Atlantico : Mohammed ben Salmane, le prince héritier saoudien, aurait déclaré à Antony Blinken que s'il n'était pas préoccupé par « la question palestinienne », la jeune population saoudienne l’était. Que pense le monde arabe du conflit israélo-irano-palestinien depuis un an ? Dans quelle mesure est-il divisé sur cet enjeu ?

Alexandre del Valle :
Le monde arabe est extrêmement divisé sur la question du conflit israélo-irano-palestinien, avec des divergences notables entre les élites dirigeantes et les populations. Mohammed ben Salmane (MBS) incarne cette fracture : lui-même n’est pas vraiment concerné par la question palestinienne, car il priorise la modernisation et les intérêts stratégiques de l'Arabie saoudite. Les monarchies du Golfe, à l'exception du Qatar, sont globalement plus pragmatiques et se montrent ouvertes à la normalisation avec Israël, car elles perçoivent peu de bénéfices à soutenir la cause palestinienne d’un point de vue national. Cela dit, ces régimes sont conscients que la rue arabe, influencée par des décennies de discours religieux sur l’importance de Jérusalem et la lutte palestinienne, reste en majorité pro-palestinienne.
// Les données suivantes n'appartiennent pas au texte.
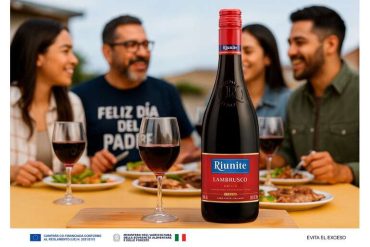 regálale-vino-tinto-riunite-este-día-del-padre-1.jpg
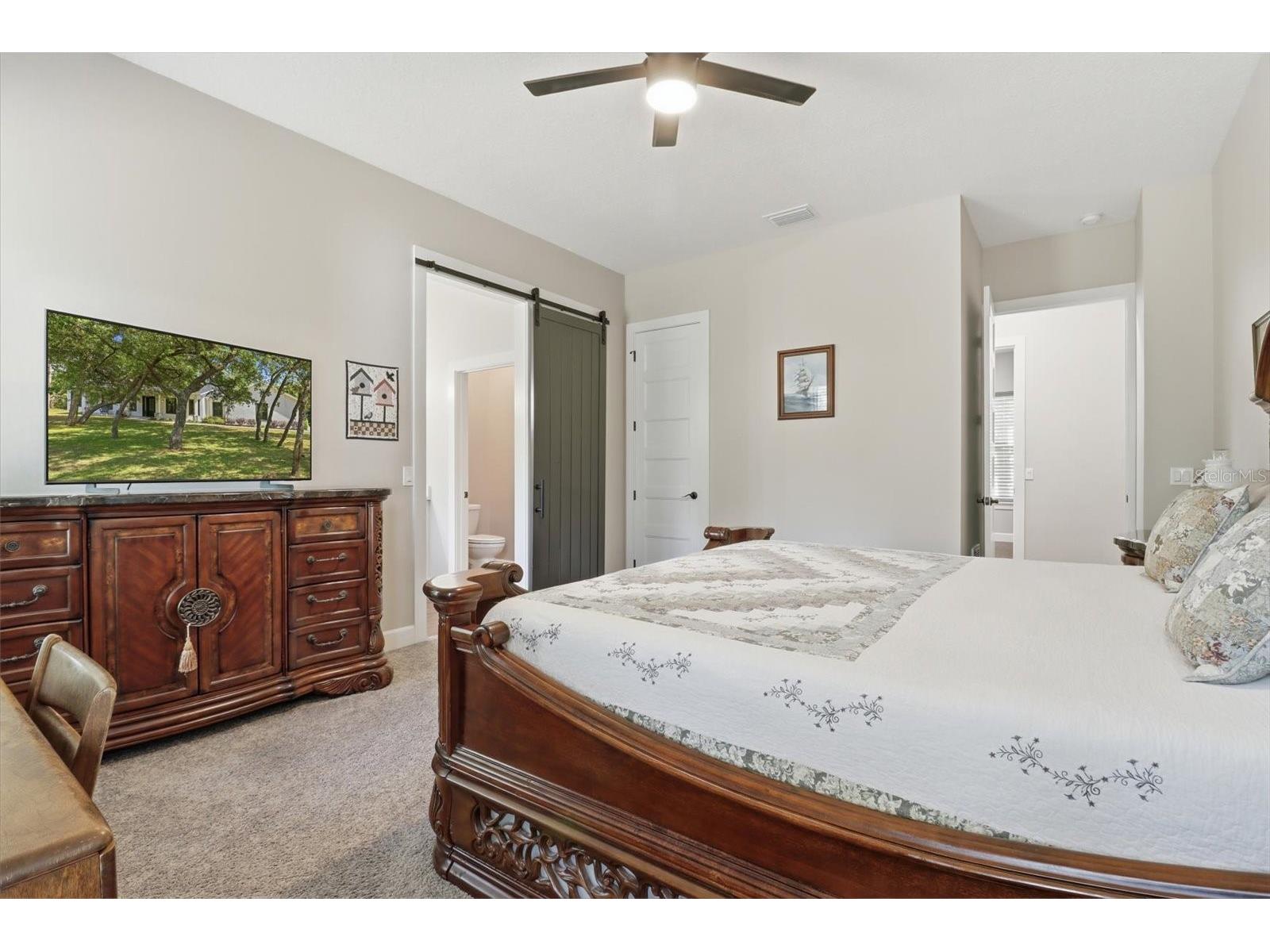 5405 N Cheyenne Drive Beverly Hills FL 34465 G5111536 image51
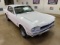 1966 Ford Mustang Coupe.V8 engine, automatic transmission.New wheels and ti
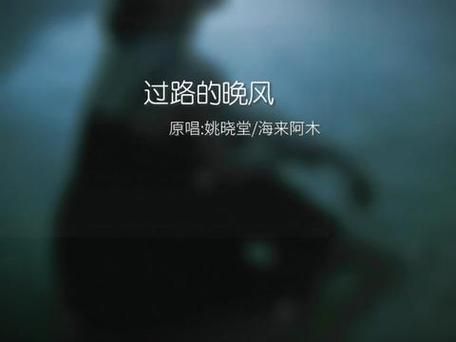 失落的月亮手机版下载地址 无需注册直接玩
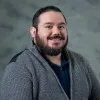Donald Ojeda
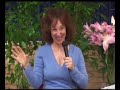 How to listen to your body - Judith Orloff How to listen to your body - Judith Orloff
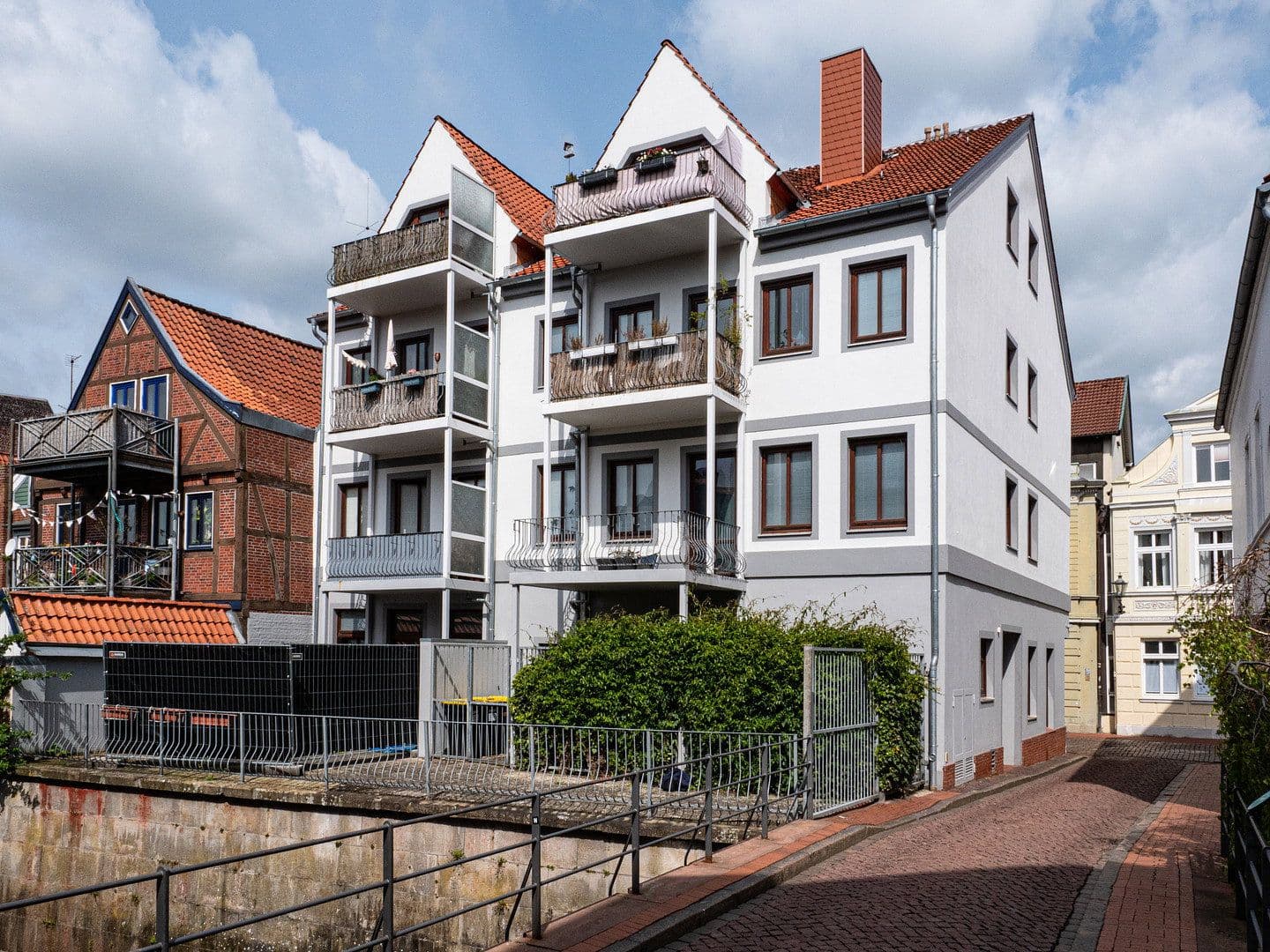 house for sale, 701 m², Bungenstraße 19, Stade, Lower Saxony house for sale, 701 m², Bungenstraße 19, Stade, Lower Saxony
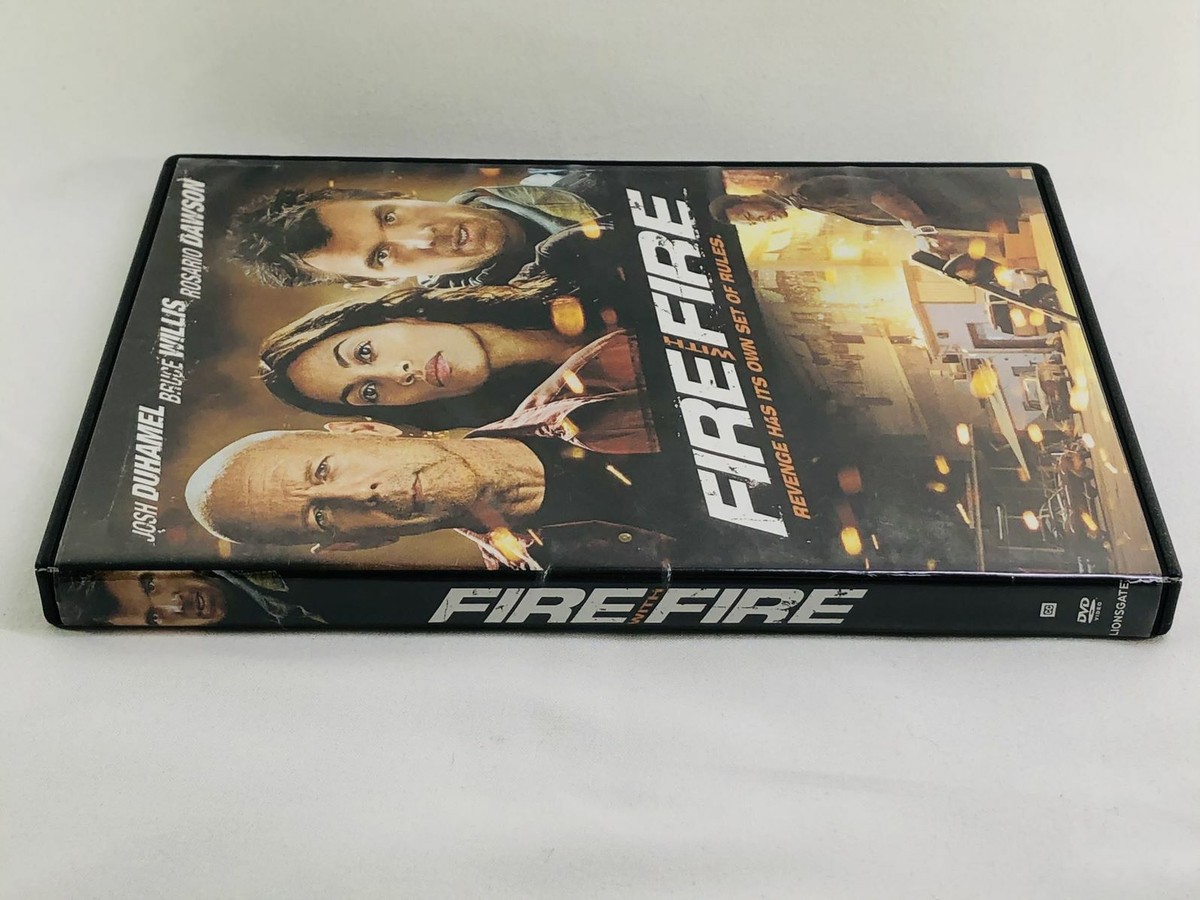 その他 Inside the Fire / DVD / Amazon.co.jp: Inside the Fire / DVD : DVD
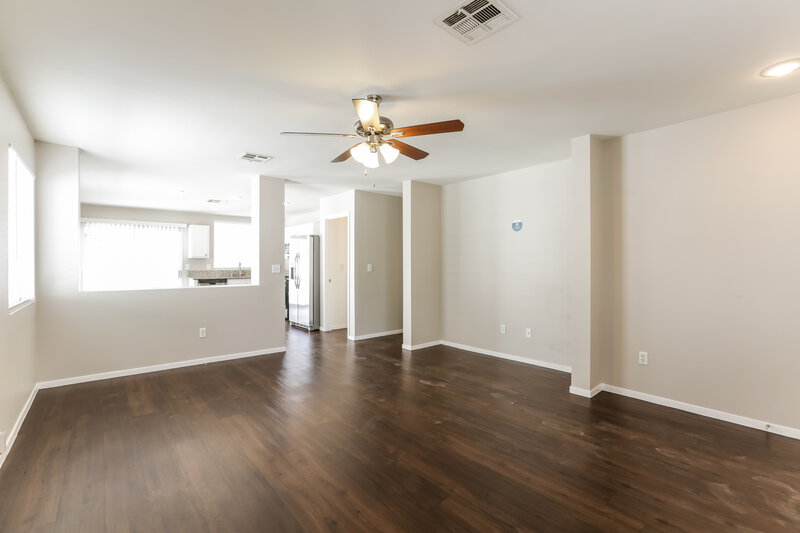 1,790/Mo, 832 Tollbrook Way Henderson, NV 89011 Living Room View 2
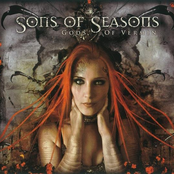 Fallen Family by Sons Of Seasons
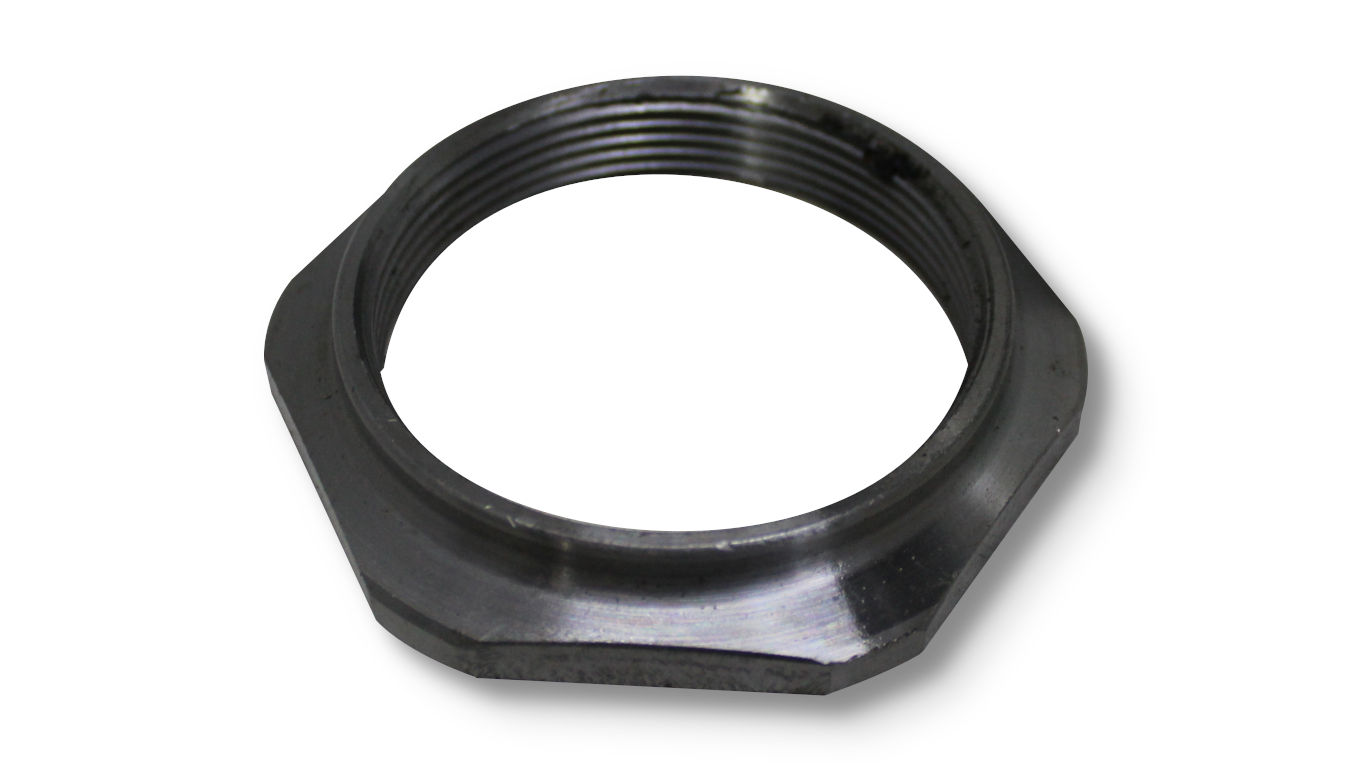 PORCA EIXO ENTALHADO VOLVO VT / I-SHIFT - INCOPARTS :: V1521449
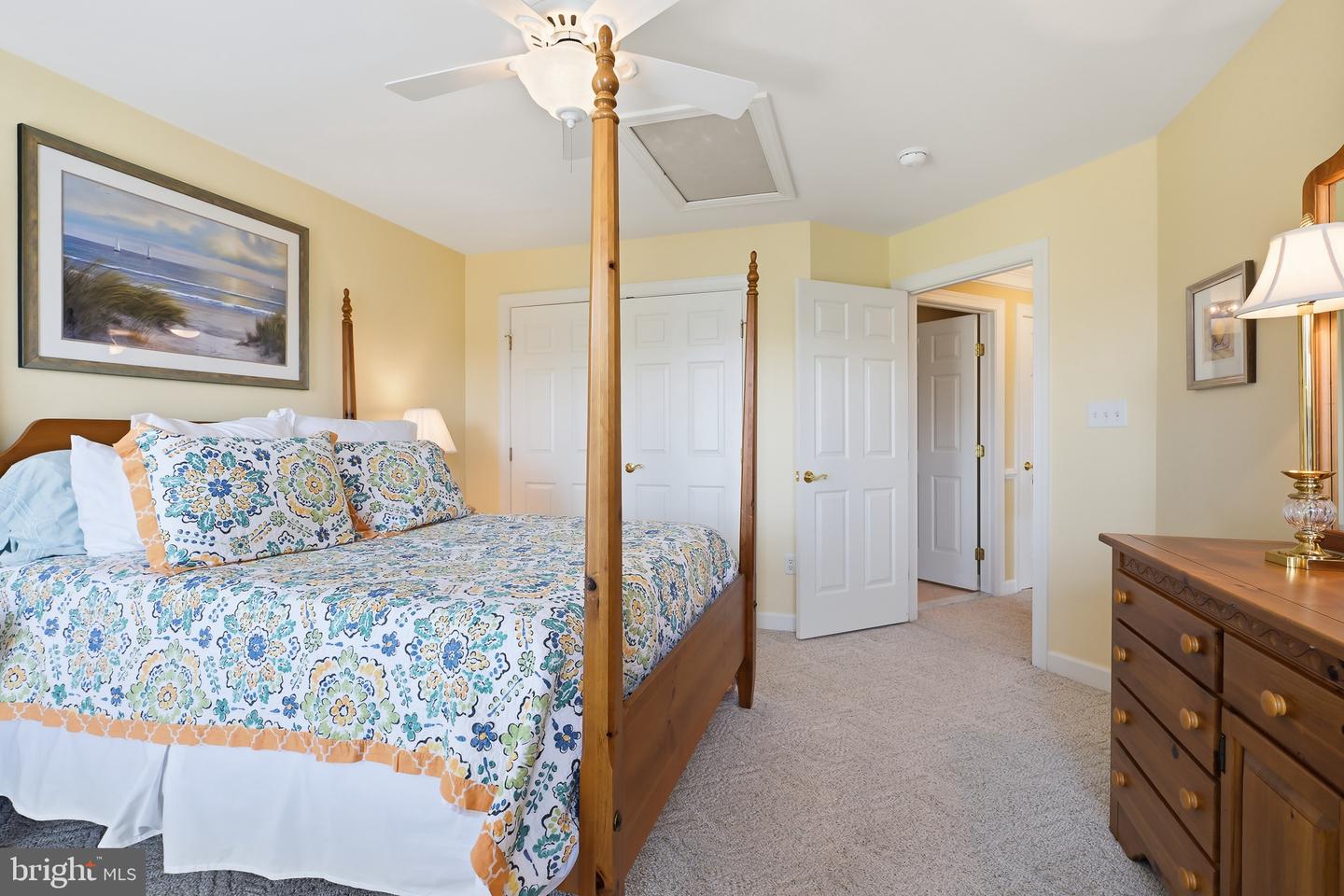 33067 E Light Dr Property Photo 48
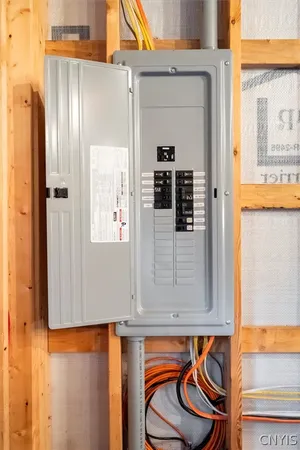 $430,000 | 8155 Number 4 Road, New Bremen, NY 13367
La Turquie joue elle aussi un rôle ambigu, oscillant entre soutien affiché aux Palestiniens et coopération pragmatique avec Israël. Bien qu'elle soit membre de l'OTAN et alliée d'Israël sur le papier, la Turquie adopte un discours fort contre l’État hébreu, en particulier lorsque la situation à Gaza se détériore. Le président turc, Recep Tayyip Erdoğan, utilise souvent la question palestinienne pour renforcer sa position sur la scène internationale et pour mobiliser le soutien de la population turque et arabe, qui est largement pro-palestinienne. Cependant, la Turquie maintient des relations diplomatiques avec Israël. Avant la récente escalade de tensions, Erdoğan était en train de rétablir une relation plus cordiale avec le gouvernement israélien…

En outre, certains pays comme l'Algérie, la Tunisie et la Syrie se positionnent contre Israël et restent fermement ancrés dans l’axe de la « résistance » pro-iranien, adoptant une posture anti-occidentale et pro-palestinienne qui séduit leur population, tout en renforçant leur alignement stratégique avec l’Iran et la Russie.

Pierre Berthelot : Lorsque l’on compare les réactions des populations et de leurs dirigeants, il est possible de découvrir que les populations des pays du monde arabe ne sont pas toujours libres d’exprimer ce qu’elles pensent. Ce n’est pas du tout la même logique que celle qui existe dans nos sociétés occidentales où les gens peuvent exprimer leur opinion, éventuellement peser politiquement sur ce sujet.

Les dirigeants savent que les populations arabes, dans l'ensemble, sont souvent sensibles à la cause palestinienne par attachement aux Palestiniens.

La question de Jérusalem est aussi centrale car il s’agit du troisième lieu saint de l'Islam. Il faut bien distinguer également cet attachement aux lieux saints de l'islam.

Les dirigeants des pays du monde arabe ne peuvent pas ignorer, comme l'a rappelé Mohammed ben Salmane, que leurs populations sont souvent sensibles à cette cause. Mais dans le même temps, ces dirigeants ne peuvent pas forcément être le relais des aspirations de leurs populations, parce que cela pourrait être en contradiction avec leurs propres intérêts politiques. Dans le cas de Mohammed ben Salmane, son objectif est d’intégrer les accords d'Abraham qu'avait proposé Donald Trump et de procéder à une normalisation avec Israël. Mais Mohammed ben Salmane sait qu'il est bloqué parce que son opinion publique est sensible à cette cause. Il est aussi bloqué par le fait que le souverain saoudien a le titre officiel de gardien des lieux saints de l'Islam.

La cause palestinienne qui avait été en partie oubliée ou négligée par beaucoup de gouvernements arabes, et aussi auprès d'une partie de leur base, a ressurgi au premier plan. La population gazaouie subit des dizaines de milliers de morts. La situation n’est pas comparable avec la première Intifada. Les images de la situation à Gaza sur les réseaux sociaux et les chaînes d'information ont un impact émotionnel renforcé. Certains peuples arabes s’identifient aux Palestiniens qui, en miroir, représentent un peu leur propre impuissance par rapport à leurs gouvernements soit autoritaires, soit kleptocratiques.